This is the first in a series of features on album artwork. My friend, Ben, suggested I use some of my time with Radio Free Raytown to explore the topic. Artwork has historically been the selling point for many albums, and I find it to be a constant source of excitement when discovering new albums. In fact, the stories about the packaging (and evolution thereof) are sometimes as interesting as the albums themselves.
For these discussions, I have chosen particular albums to be case studies on various phenomena in the marketing of albums. The first topic I will discuss is drawing attention to the hit single, and I will use The Dave Brubeck Quartet’s 1959 album, Time Out, as an example.
For the album, Brubeck experimented with uncommon time signatures, and the label chose to match it with “experimental” or modern art by Columbia Records employee, Neal Fujita, on the cover. As Brubeck continued the series, Columbia continued pairing the albums with modern artists (including Joan Miró, one of my favorites).
When saxophonist Paul Desmond’s composition, “Take Five,” became an unexpected hit, Columbia Records reissued the album, modifying the artwork to draw attention to the single. (Now, this was not an uncommon occurrence. Labels routinely changed artwork for artists, from Harry Belafonte to Elvis Presley, instead of just adding stickers to a package like they do now.) The scheme usually worked, and labels sold more of the reissues, making these originals more valuable.

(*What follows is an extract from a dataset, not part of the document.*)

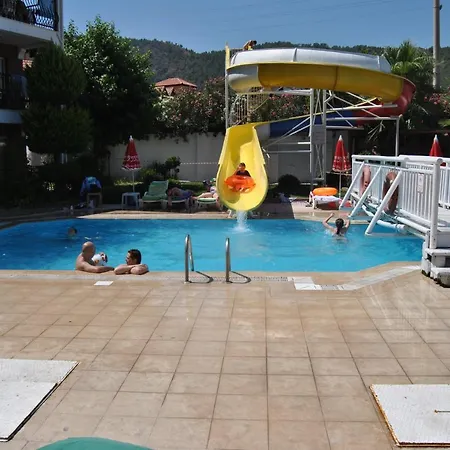Club Ekinci Palace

I appreciate the original a little more because the painting was bigger without the extra text. The purist in me also cringes at attempts to commercialize art, as the art usually gets compromised. I hate it when labels add text or stickers to albums or CDs because it means that the audience can’t remember the songs it liked. (It’s like when companies use those as-seen-on-TV labels. Must you really advertise that? If I saw it on TV, wouldn’t I know it?) Then again, I know the occasional feeling of looking for a song I’ve heard but cant remember the artist’s name or song title.